Parce que : comment faire plus délectable que Lolita ? Plus extatique ? Comment provoquer dans notre échine, dans notre système nerveux, un frisson de jubilation plus viscéral encore ? La réponse est simple : en écrivant Ada (Ada l'ardente, la mirifique), une autre paire de manche, une autre nymphette – infiniment plus criminelle et diabolique que la précédente (un soupçon plus archangélique), et dont cette fois l'amant n'est pas le père d'adoption, mais un jeune homme distingué de trois ans son aîné, un paon loquace qui fait la roue, son grand frère chéri.
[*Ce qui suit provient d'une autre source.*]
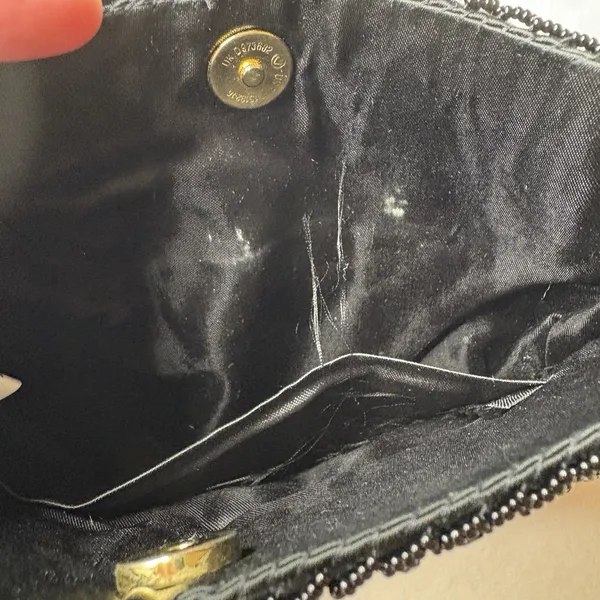 Vintage Black Beaded Shoulder Crossbody Fashion Bag 7.5" L x 6" H - Image 3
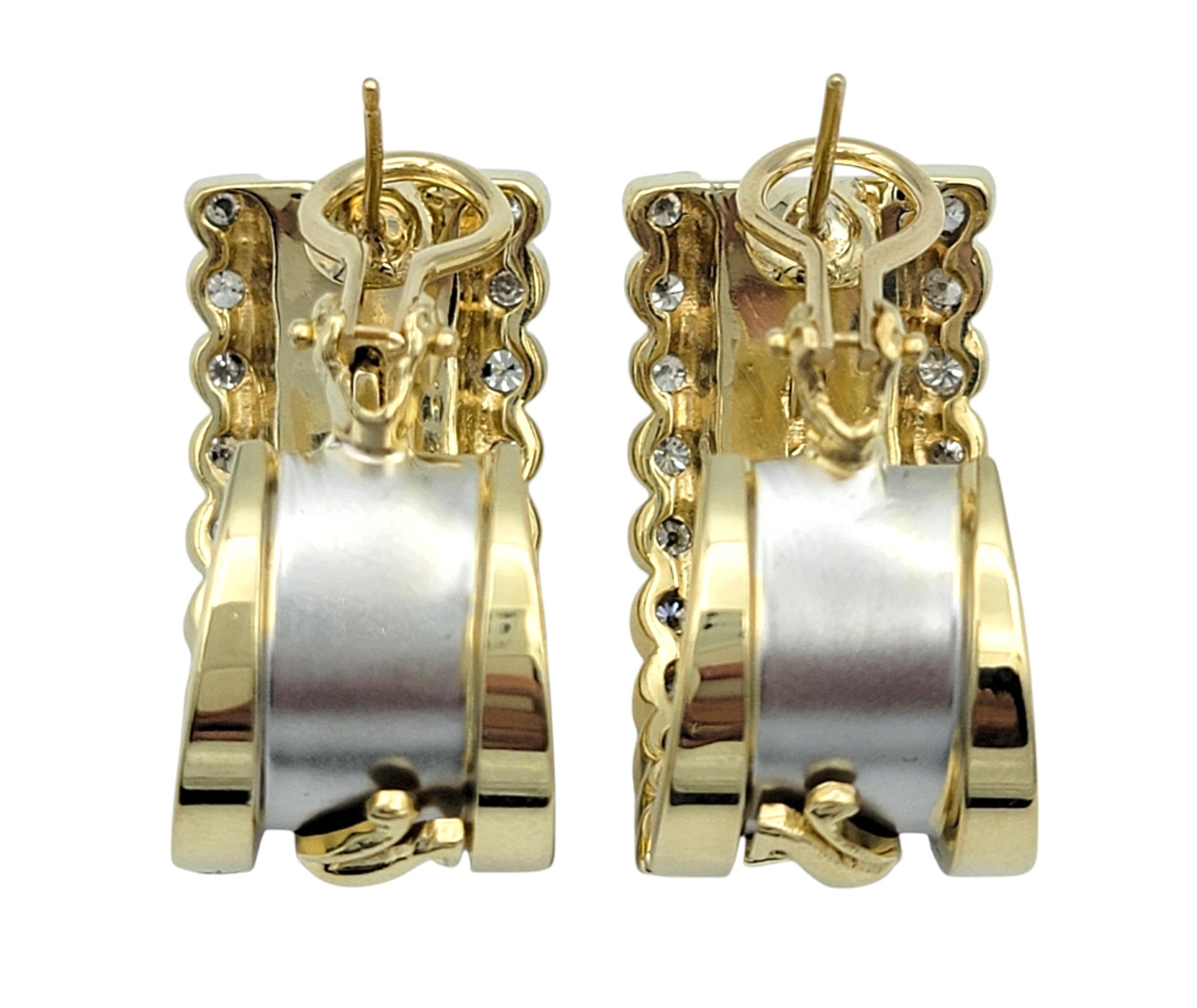 Contemporary 14 Karat Yellow and White Gold Panther Motif J-Hoop Earrings with Diamonds For Sale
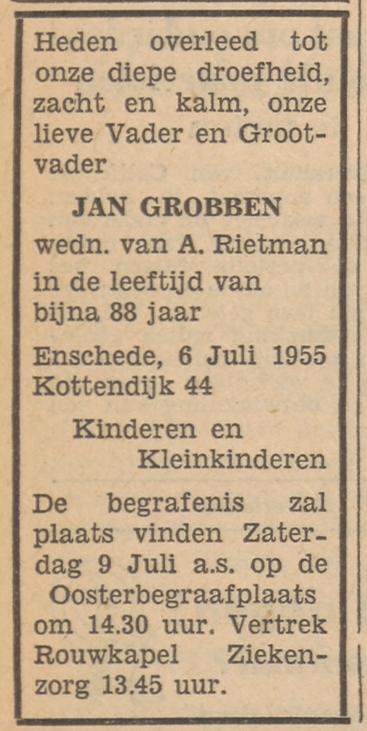 Kottendijk 44 J. Grobben overlijdensadvertentie Tubantia 7-7-1955.jpg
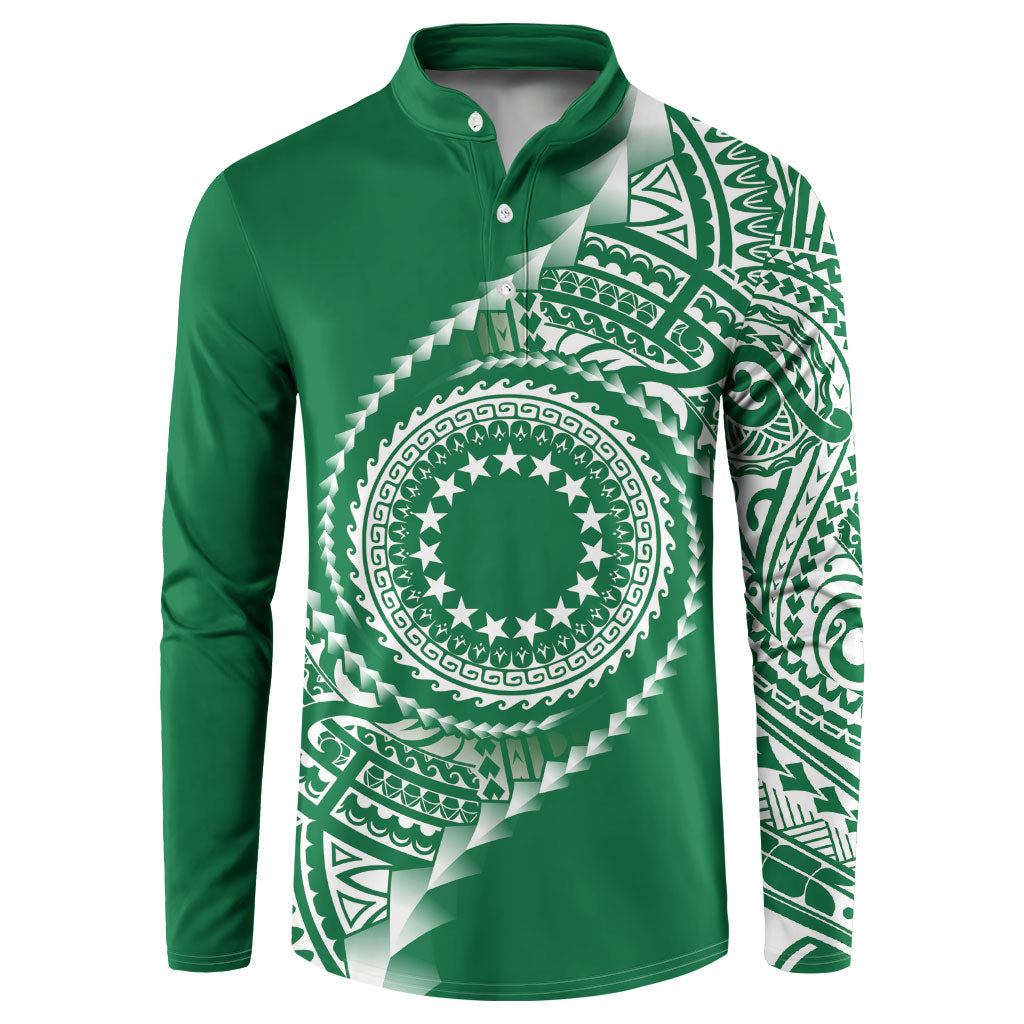 Cook Islands Gospel Day Button Sweatshirt Green Tribal Curves LT05 Green - Polynesian Pride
On ne trouvera donc pas ici ce qui fait le charme venimeux, épuisant de Lolita : le conflit entre la répulsion que nous inspire H.H., et la séduction difficilement répressible de sa plume. Ici, on se délecte sans scrupule aux ardentes étreintes des amants, à leurs accouplements primitifs et suaves, de leur idylle perverse, de leur dépravation, etc. D'accord, ils sont frères et sœurs.
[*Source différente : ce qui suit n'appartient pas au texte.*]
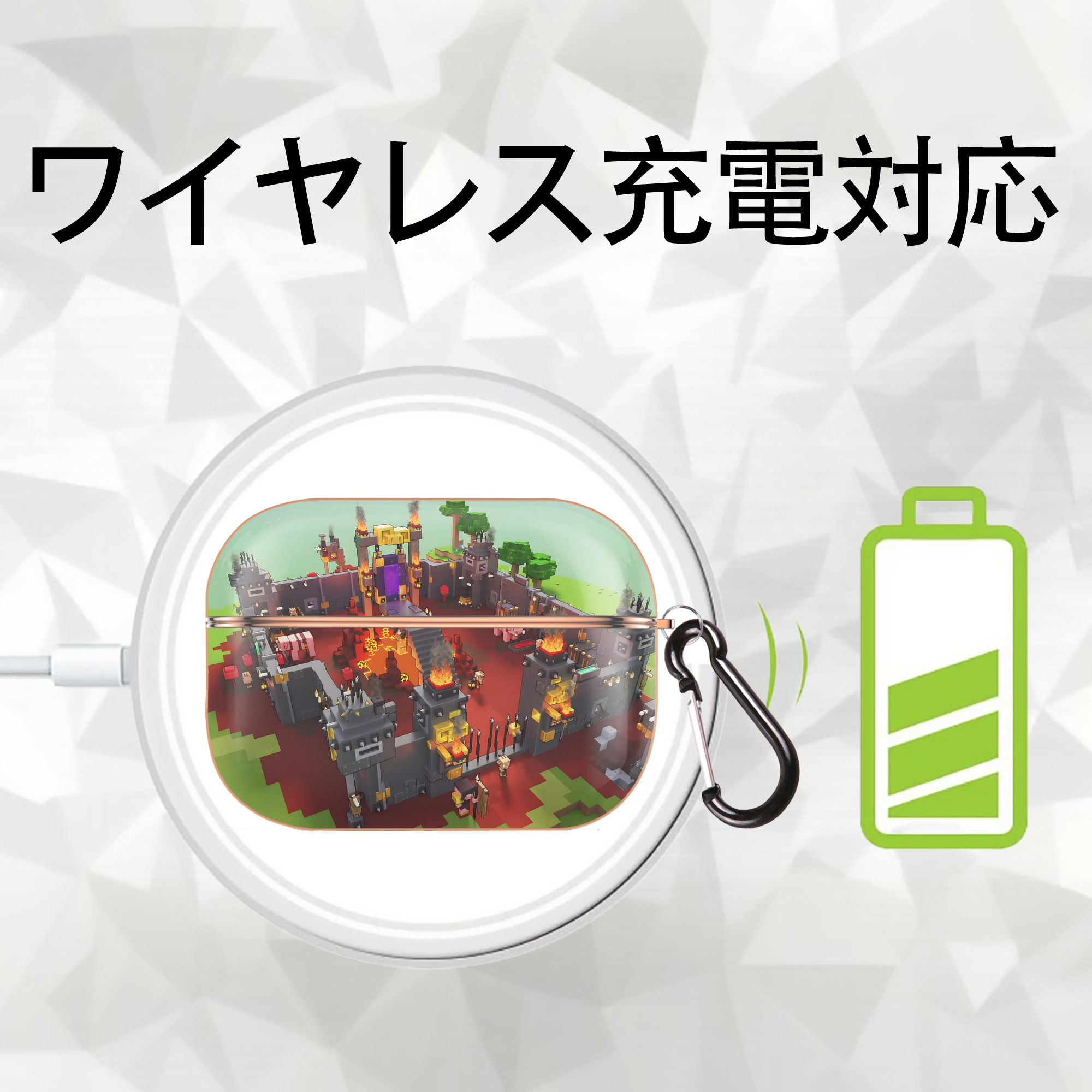 マインクラフト ブロックの世界 Minecraft MC Block world 【AirPods Pro用】ハードシェル保護ケース｜耐衝撃・防指紋・カラビナ付き商品仕様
C'est un livre qui se mérite, mais on va jusqu'au bout parce qu'on sait qu'on tient dans les mains un objet rare, un univers qui ressemble fort au paysage intérieur de Nabokov : Russie solaire de son enfance mêlée d'Amérique, insectes grouillants et papillons fallacieux, liberté primitive des mœurs, vertige du temps qui passe et entrelacs de métaphores serpentines, et bien sûr, langues qui s'entremêlent impudiquement, et se lèchent et se pourlèchent, les grands écrivains sont érotiques, sans parler de Lucette.